Web page caption snippets:
- - -
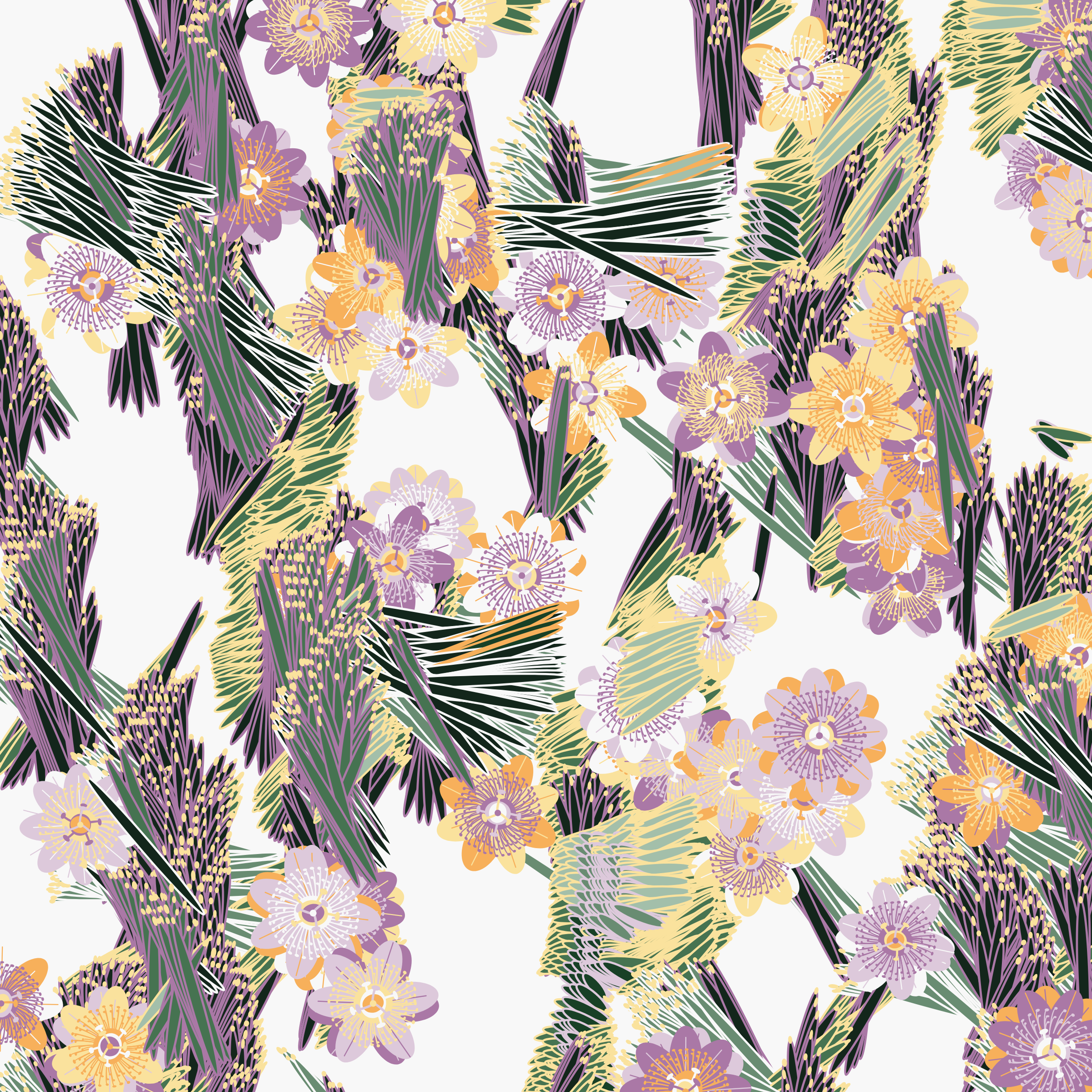 Art Blocks - Art Blocks v2 - Fragments of an Infinite Field #636 - NFT # 159000636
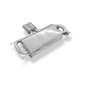 Mazda MX5 Tipo NB Silenziatore uscita posteriore center – 2x80 Tipo 13 c (Cod. F-MA081012-070)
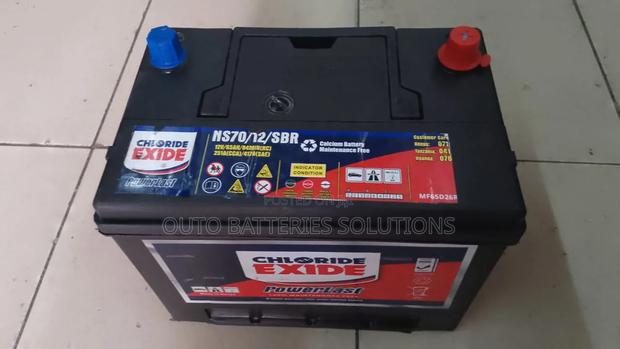 Chloride Exide Ns70 - thumbnail 2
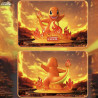 Pokemon - Pack 3 figures Bulbasaur, Charmander and Squirtle, Shining Moment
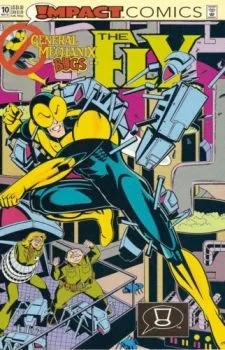 Cover of Issue #10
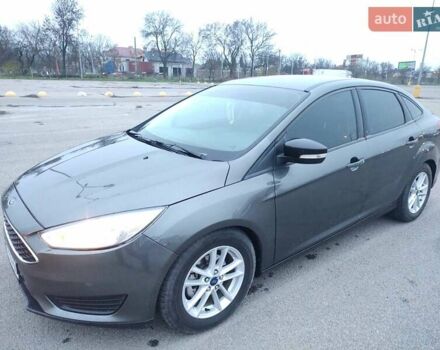 Сірий Форд Фокус, об'ємом двигуна 2 л та пробігом 109 тис. км за 8450 $, фото 1 на Automoto.ua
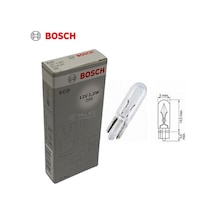 Bosch 12v Dipsiz Ampul T5 1 2w 10 Adet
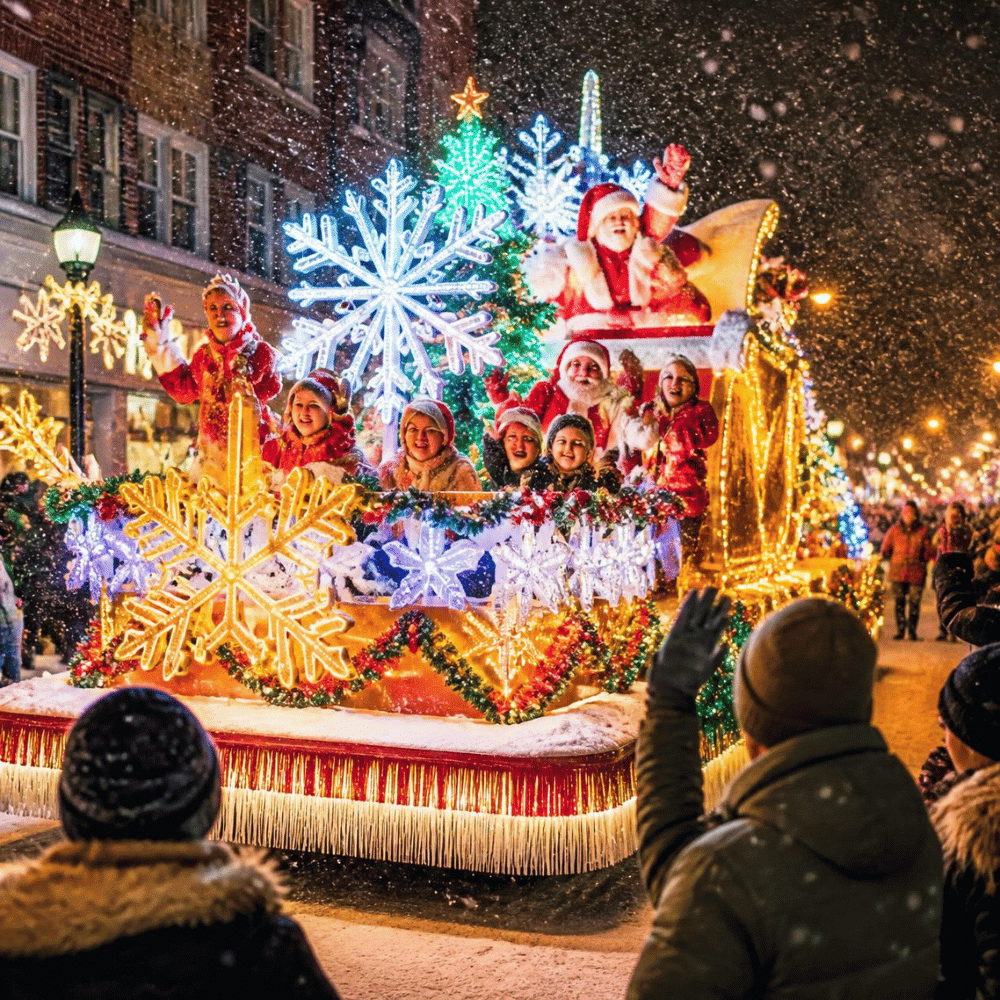 Winter Parades & Festivals Winter Parades Festivals
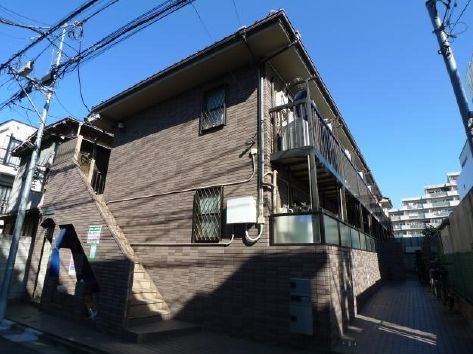 建物外観　ストーリオ中野坂上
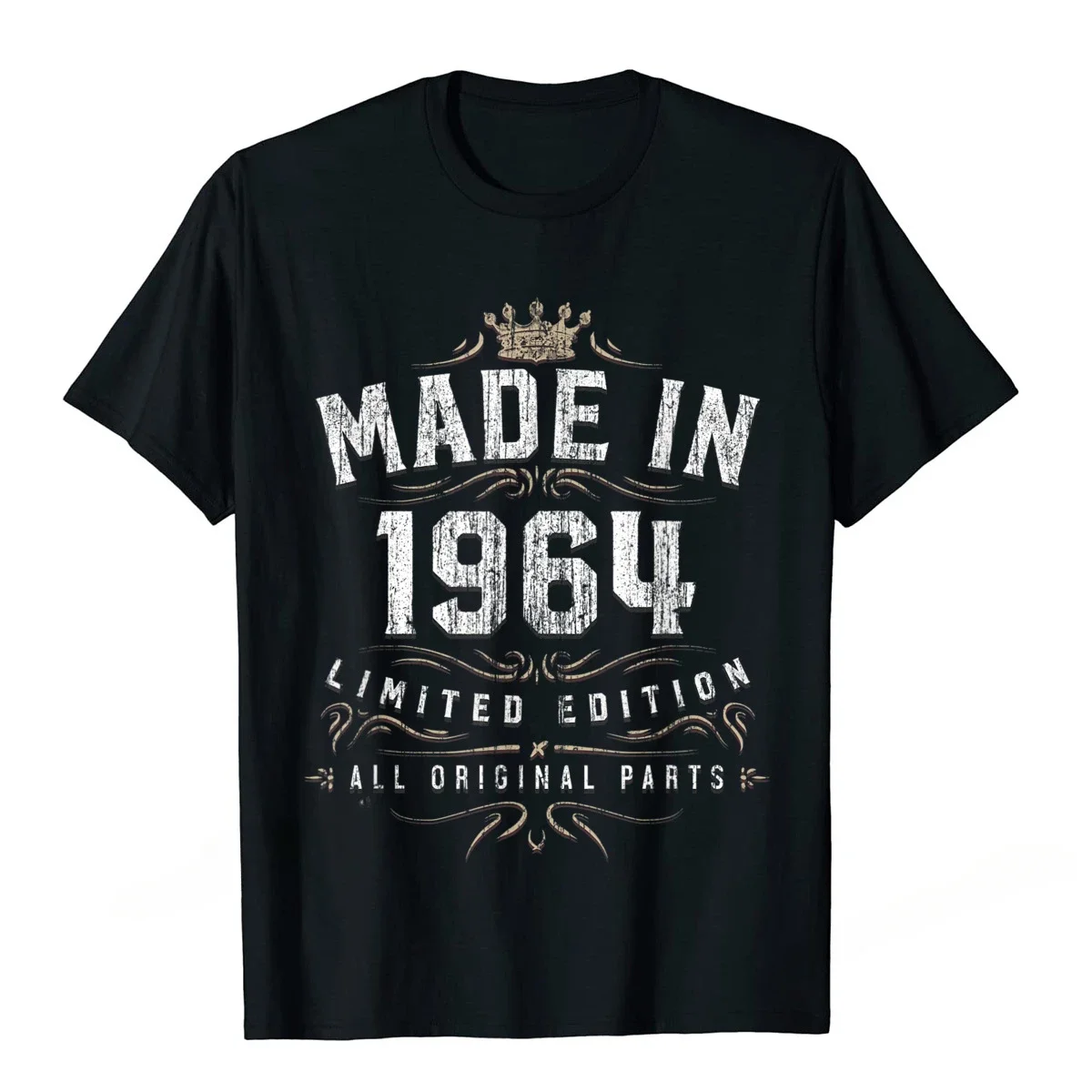 Camisas Men Casual Tops T Shirt For Men Dominant Made In 1964 Shirt Birthday 55 Limited Edition graphic t shirts harajuku funny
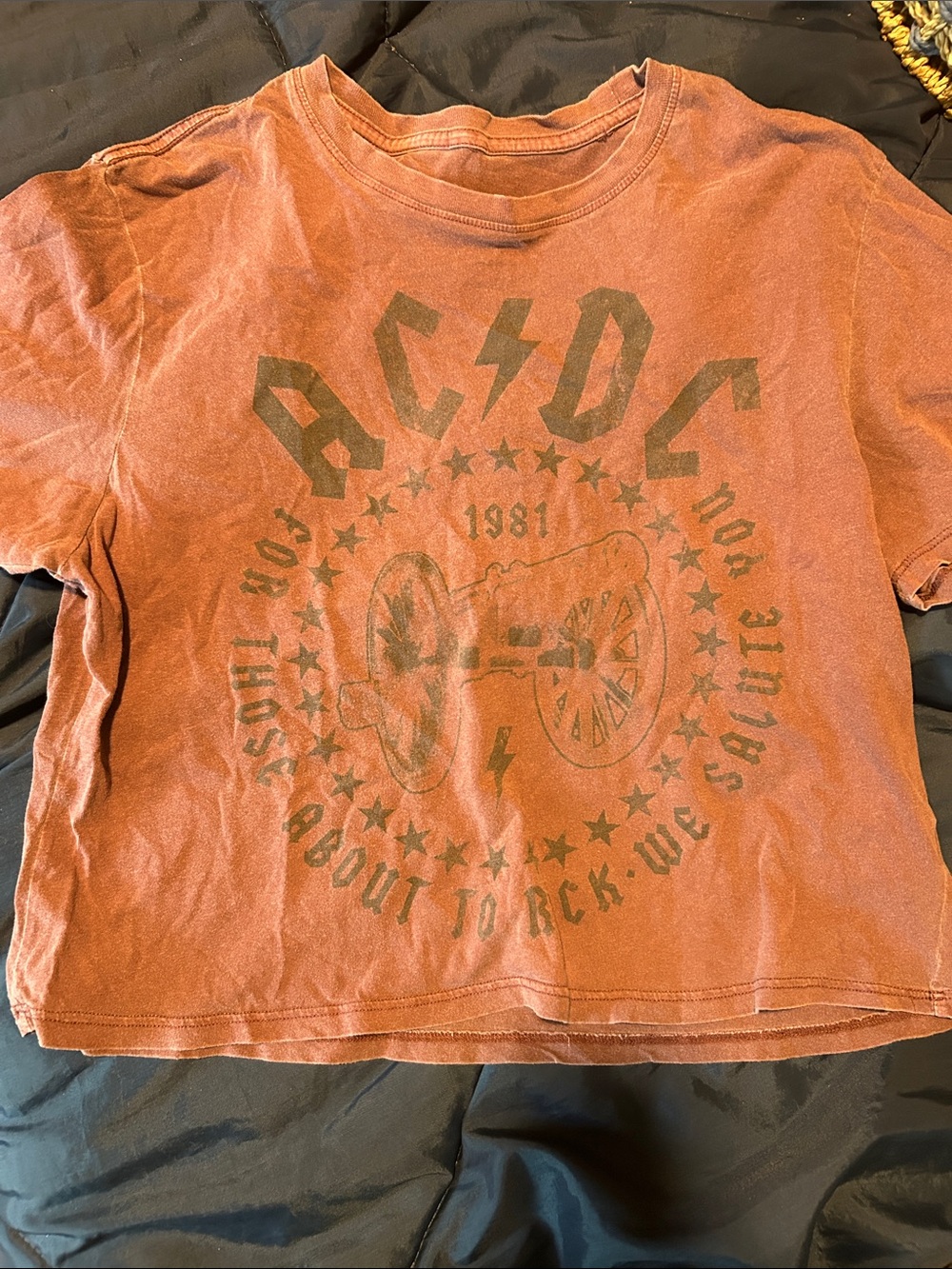 AC/DC tee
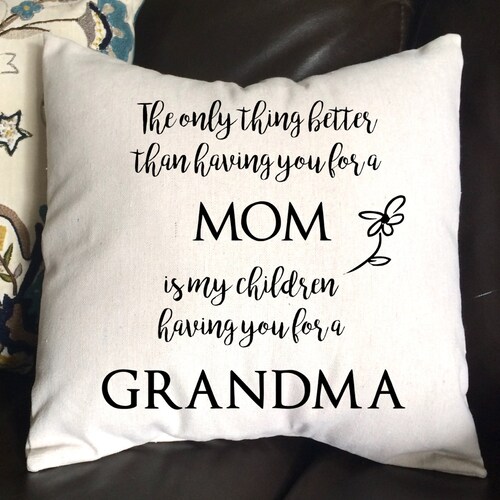 Mother's Day Gift for Grandma Mom New Grandmother Etsy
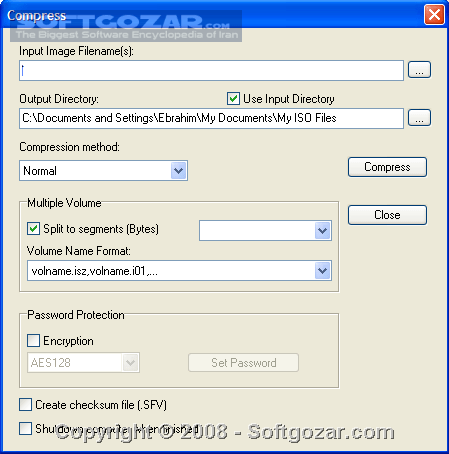 دانلود UltraISO Premium 9.7.6.3860 Retail - دانلود الترا ایزو ویرایش فایل ISO - سافت گذر
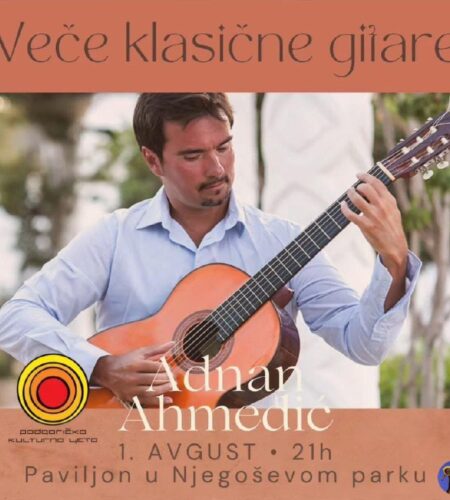 [Photo] Вечер классической гитары в Подгорице В пя...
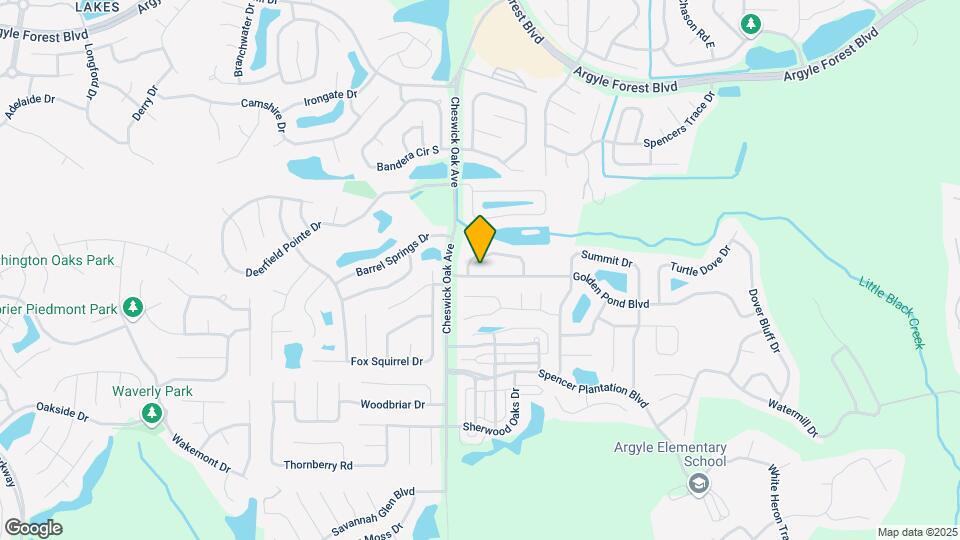3080 Golden Pond Blvd Map and Location Details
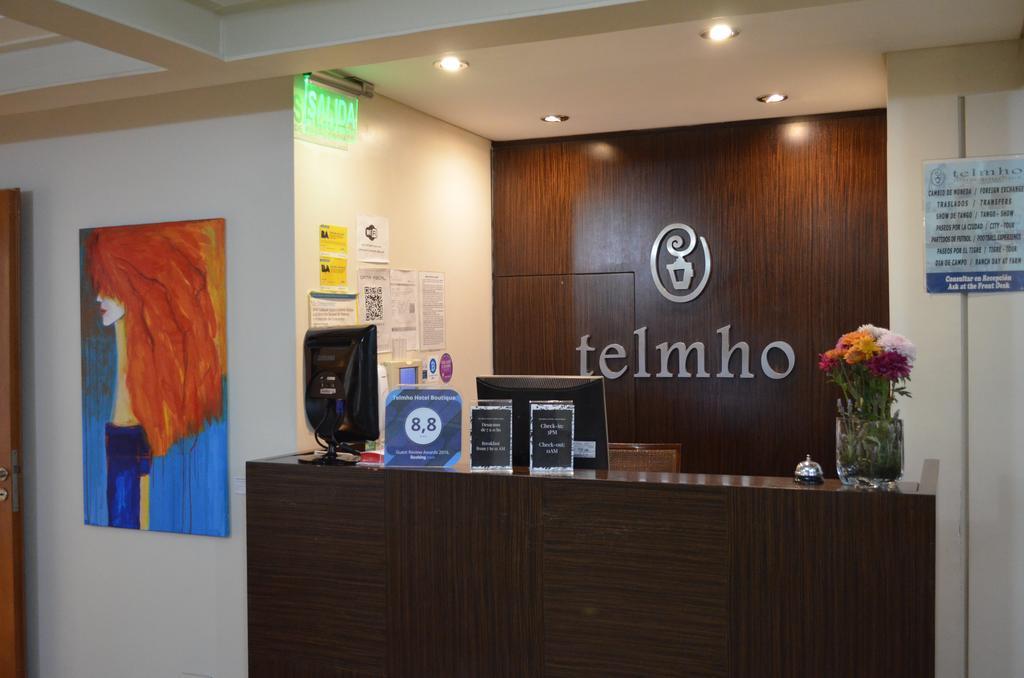 Telmho Hotel Boutique Buenos Aires Exteriér fotografie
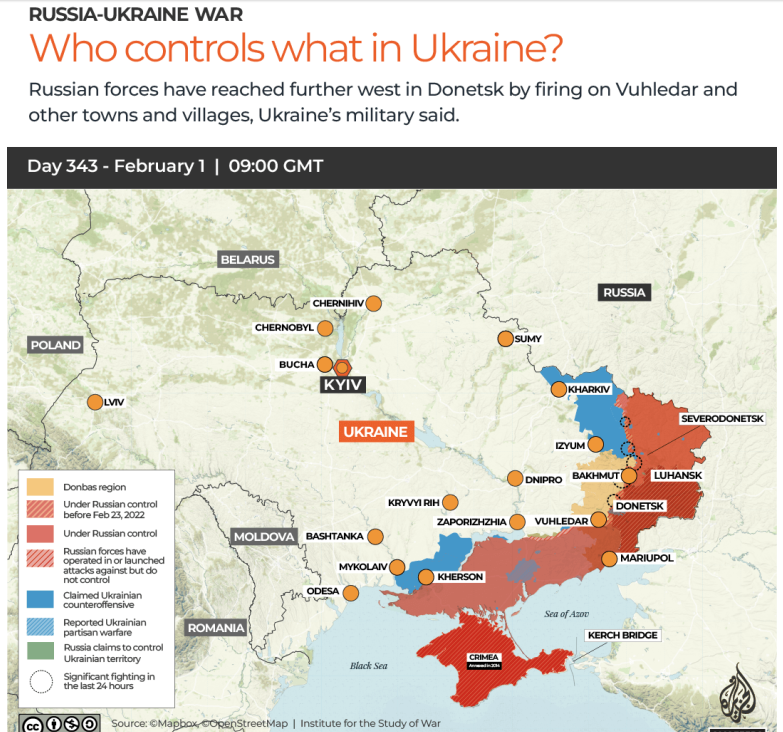 Украина и россия последние новости на сегодня 2022 карта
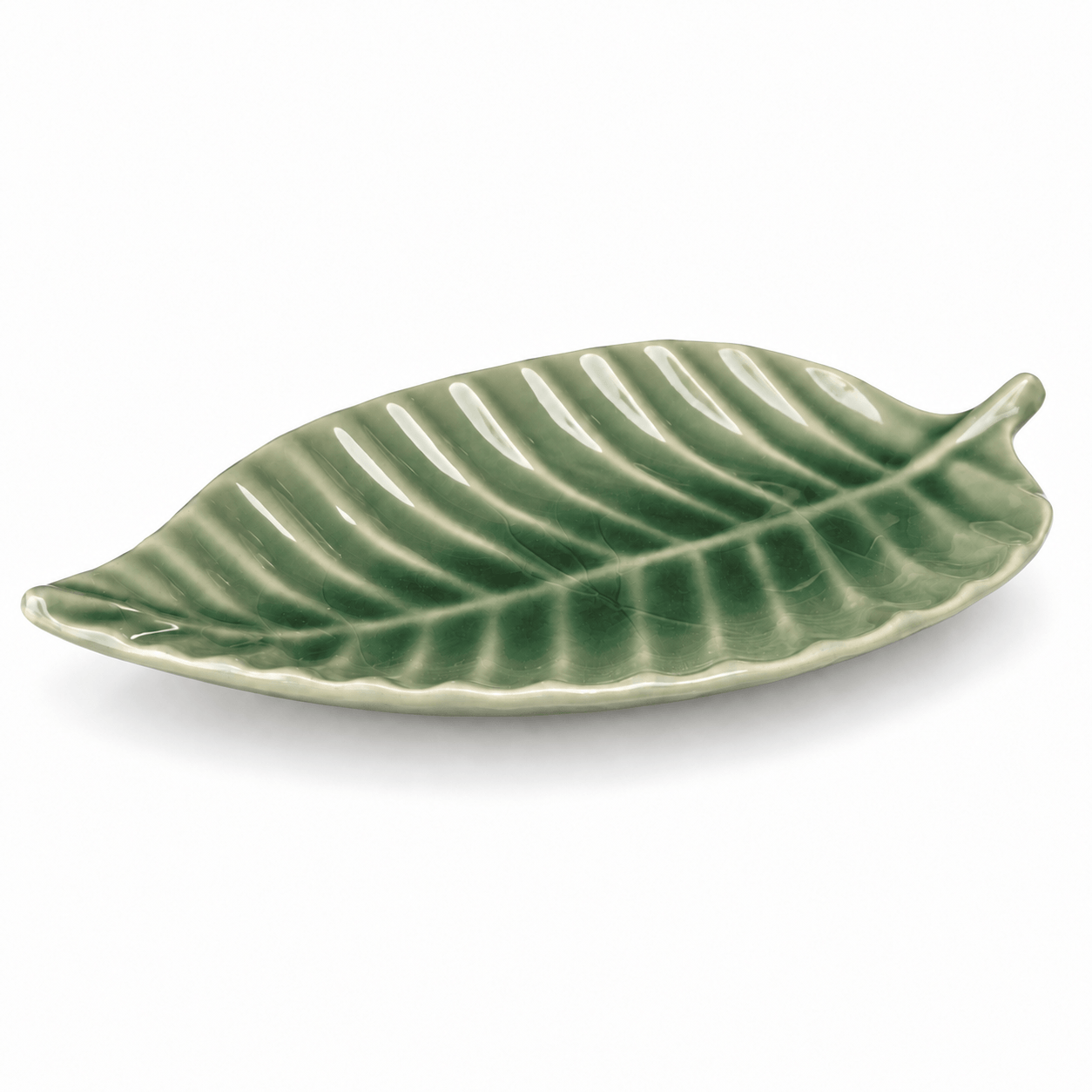 Bladschaal Groen 27.5 cm - Afbeelding 2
- - -
INSTRUCTIONS FOR THE TASK >>
Repeat the lines exactly as they stand, from the opening line of the data through the line with "دانلود UltraISO Premium". Pictures stay out of the copy.

RESULT >>
 Art Blocks - Art Blocks v2 - Fragments of an Infinite Field #636 - NFT # 159000636
 Mazda MX5 Tipo NB Silenziatore uscita posteriore center – 2x80 Tipo 13 c (Cod. F-MA081012-070)
 Chloride Exide Ns70 - thumbnail 2
 Pokemon - Pack 3 figures Bulbasaur, Charmander and Squirtle, Shining Moment
 Cover of Issue #10
 Сірий Форд Фокус, об'ємом двигуна 2 л та пробігом 109 тис. км за 8450 $, фото 1 на Automoto.ua
 Bosch 12v Dipsiz Ampul T5 1 2w 10 Adet
 Winter Parades & Festivals Winter Parades Festivals
 建物外観　ストーリオ中野坂上
 Camisas Men Casual Tops T Shirt For Men Dominant Made In 1964 Shirt Birthday 55 Limited Edition graphic t shirts harajuku funny
 AC/DC tee
 Mother's Day Gift for Grandma Mom New Grandmother Etsy
 دانلود UltraISO Premium 9.7.6.3860 Retail - دانلود الترا ایزو ویرایش فایل ISO - سافت گذر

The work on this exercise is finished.